# Good TV



## bps3040 (Jan 6, 2008)

This was good so I borrowed it from another site. It was a report on concealed carry.... in a positive light.

http://wmctv.com/Global/story.asp?S=7887906

Ron Krelstein, a Germantown self-defense attorney who wrote the Memphis Police Department's "shoot, don't shoot" policy in 1971, says the law also provides civil immunity to any Tennessee citizen who kills someone in self-defense. That means they cannot be sued by the attacker's family for losses or damages.

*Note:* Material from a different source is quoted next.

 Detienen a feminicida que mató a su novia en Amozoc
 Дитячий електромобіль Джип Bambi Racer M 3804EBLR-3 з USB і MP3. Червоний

Wish we had that in Texas!


----------



## SuckLead (Jul 4, 2006)

Nice. I wish more news outlets would do spots like that.


----------



## Liko81 (Nov 21, 2007)

bps3040 said:


> This was good so I borrowed it from another site. It was a report on concealed carry.... in a positive light.
> 
> http://wmctv.com/Global/story.asp?S=7887906
> 
> ...


Actually, we do. Civil Practice and Remedies Code, Chapter 83: If you are found to be justified in using force or deadly force under Section 9, you have civil immunity against any civil action brought by the person, representative, or next-of-kin of the person against whom the deadly force was used.

Note this does not shield you from damage to third parties found to be "reckless". If you shoot at a BG and hit a bystander, that bystander could still have a case against you if your action meets the standard for recklessness, which negates justification.


----------